June 9, 2012

Understanding Wireless Connection Problems in your Home Network

Wireless connection problems will generally fall within three broad areas of operation in your home network: the computer, the wireless router, and the Internet Service Provider. This article describes the things that could go wrong in each of these major areas of failure. Consequently, your troubleshooting effort should start with the computer you're using, then proceed to your wireless router, and lastly the networking equipment in your Internet Service Provider.

If you're using a computer that runs on a Windows operating system. you'll be more likely to experience connection problems than if you're using one that is based on Linux or the Unix operating system. I have used both Windows Vista and different Linux distributions on my laptop and connection troubles occur mostly when I'm using Vista rather than a Linux distribution.

In most cases, home computers running in a wireless network are setup to get Internet Protocol (IP) addresses from a Dynamic Host Control Protocol (DHCP) server running on the wireless router. In Vista, the computer attempts to get IP addresses from the router and after several failed attempts, it gives up and uses an IP address that may not work on your network. Forcing the Vista computer to request again for network addresses on a few times will work but most of the time, a restart of the computer is necessary to succeed in getting the needed IP addresses.

The Linux platform it seems is better designed to navigate the different situations that can occur in a network setting and is more aggressive in getting the needed IP addresses. In my Android tablet, for example, Android is not going to stop trying to get an IP address until it gets one. When the tablet sleeps, it gives up its IP address and when it wakes up, it again will continuously attempt to get those addresses from the DHCP server until it succeeds in getting the required addresses.

I'm currently using Linux Mint as replacement for my Vista operating system in my laptop and I have never experienced the lost connections that I frequently get when using Windows Vista. I'm not intimately familiar with the programs that are running the network connections between my laptop and my wireless router but it appears that Linux Mint is able to play better with the programs in my wireless router which for all I know may be running a stripped down Linux system. What I did with my Windows Vista is set it up with manually configured IP addresses by getting one address from the address space that is not being distributed by my wireless router.

On the wireless router's side, the most common cause of loss of connection is similar to that of the computer running on the home network. Somehow after several failed attempts, the router simply gives up trying to get a valid IP address and subnet mask for it to be able to communicate with the rest of the Internet. Here, the solution is very simple. You just need to access your router using your laptop and check if it was able to get a valid IP address that can be routed in the Internet.

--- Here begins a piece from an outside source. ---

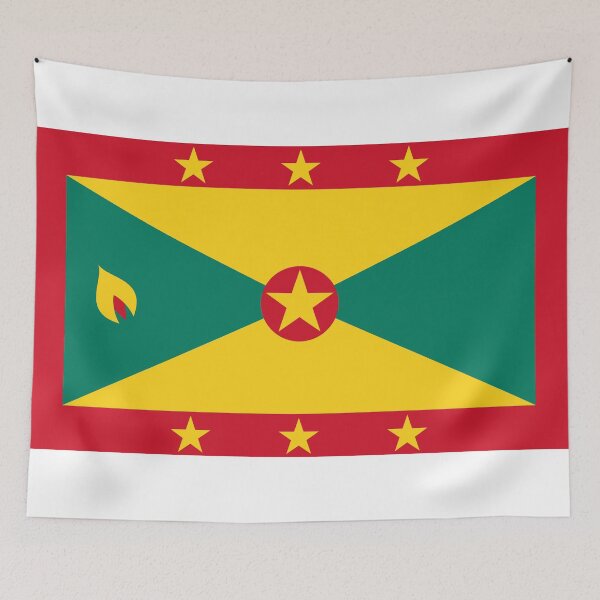 Item preview, Grenada National Flag - Spice Island Pride & Caribbean Heritage designed and sold by NTGUILTY.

When your computer and your wireless router are connected but you can't access the Internet, check that your wireless router has a valid Internet address. If the address shown are all zeros, then it was not able to get one so you have to manually tell your router to get one. You can do this by clicking on the renew button or connect button whichever is present in your router's web interface page. After a while, you'll notice that your router was able to get the needed addresses and the blanks for addresses are filled with those it got from the router at your Internet Service Provider. You should be able to surf the Internet now from the browser in your laptop.

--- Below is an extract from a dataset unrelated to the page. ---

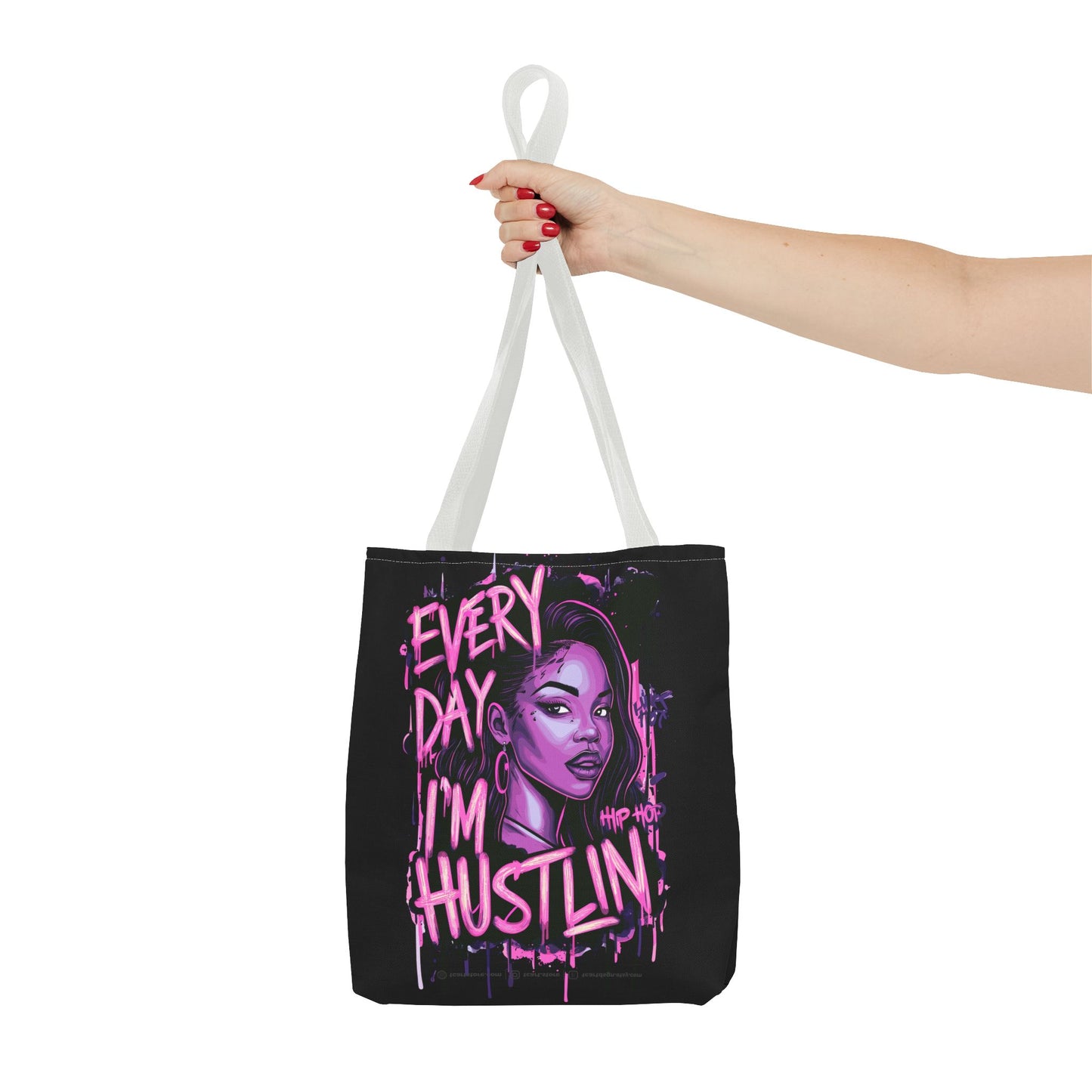 every day i'm hustling tote bag (aop)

If there is still a problem, the fault may now lie on the equipment at the office of your Internet Service Provider. At this point, you can't do much except to wait until the people there are able to resolve their connectivity problem. You can call the service numbers of your Internet Service Provider and inquire if they are experiencing connectivity problems. The fact that your laptop is able to connect with the router tells you that there is no connection problem between your laptop and your wireless router. The fact that your router was able to get an IP address from your Internet Service Provider tells you that your connection with your provider is okay. The most probable reason at this point is trouble at your Internet Service Provider's end. You just have to wait until they are able to resolve the connection problem at their end.